▶ [Problem statement]:
Exactly the lines from the one containing "best rhodiola rosea brands" through the end of the data below are to be reproduced, and nothing besides them.

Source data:

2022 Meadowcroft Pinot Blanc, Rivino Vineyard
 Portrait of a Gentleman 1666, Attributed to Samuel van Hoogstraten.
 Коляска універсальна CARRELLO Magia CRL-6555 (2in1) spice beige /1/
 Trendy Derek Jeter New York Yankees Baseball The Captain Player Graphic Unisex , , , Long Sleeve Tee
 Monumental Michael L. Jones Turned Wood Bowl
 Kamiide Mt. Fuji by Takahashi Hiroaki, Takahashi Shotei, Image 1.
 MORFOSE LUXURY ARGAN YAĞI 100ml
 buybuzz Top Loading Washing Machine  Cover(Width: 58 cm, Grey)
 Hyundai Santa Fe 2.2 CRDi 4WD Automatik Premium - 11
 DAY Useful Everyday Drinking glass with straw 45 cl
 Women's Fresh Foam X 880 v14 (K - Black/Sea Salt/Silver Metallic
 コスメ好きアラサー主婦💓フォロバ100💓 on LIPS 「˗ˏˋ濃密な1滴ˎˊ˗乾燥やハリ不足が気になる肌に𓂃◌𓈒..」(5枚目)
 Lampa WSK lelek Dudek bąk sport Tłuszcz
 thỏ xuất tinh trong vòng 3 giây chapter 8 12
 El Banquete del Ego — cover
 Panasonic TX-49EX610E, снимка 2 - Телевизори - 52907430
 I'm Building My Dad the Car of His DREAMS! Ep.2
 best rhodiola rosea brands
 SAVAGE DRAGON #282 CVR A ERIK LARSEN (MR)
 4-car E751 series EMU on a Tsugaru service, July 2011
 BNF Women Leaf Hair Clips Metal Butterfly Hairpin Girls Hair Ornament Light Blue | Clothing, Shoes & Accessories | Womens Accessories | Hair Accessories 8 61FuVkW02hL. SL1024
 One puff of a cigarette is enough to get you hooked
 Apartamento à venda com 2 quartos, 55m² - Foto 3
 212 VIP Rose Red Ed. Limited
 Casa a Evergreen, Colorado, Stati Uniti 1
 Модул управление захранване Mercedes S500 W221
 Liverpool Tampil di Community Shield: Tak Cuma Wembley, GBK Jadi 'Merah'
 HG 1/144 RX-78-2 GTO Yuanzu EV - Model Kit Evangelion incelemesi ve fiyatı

▶ [Reply to the task]:
 best rhodiola rosea brands
 SAVAGE DRAGON #282 CVR A ERIK LARSEN (MR)
 4-car E751 series EMU on a Tsugaru service, July 2011
 BNF Women Leaf Hair Clips Metal Butterfly Hairpin Girls Hair Ornament Light Blue | Clothing, Shoes & Accessories | Womens Accessories | Hair Accessories 8 61FuVkW02hL. SL1024
 One puff of a cigarette is enough to get you hooked
 Apartamento à venda com 2 quartos, 55m² - Foto 3
 212 VIP Rose Red Ed. Limited
 Casa a Evergreen, Colorado, Stati Uniti 1
 Модул управление захранване Mercedes S500 W221
 Liverpool Tampil di Community Shield: Tak Cuma Wembley, GBK Jadi 'Merah'
 HG 1/144 RX-78-2 GTO Yuanzu EV - Model Kit Evangelion incelemesi ve fiyatı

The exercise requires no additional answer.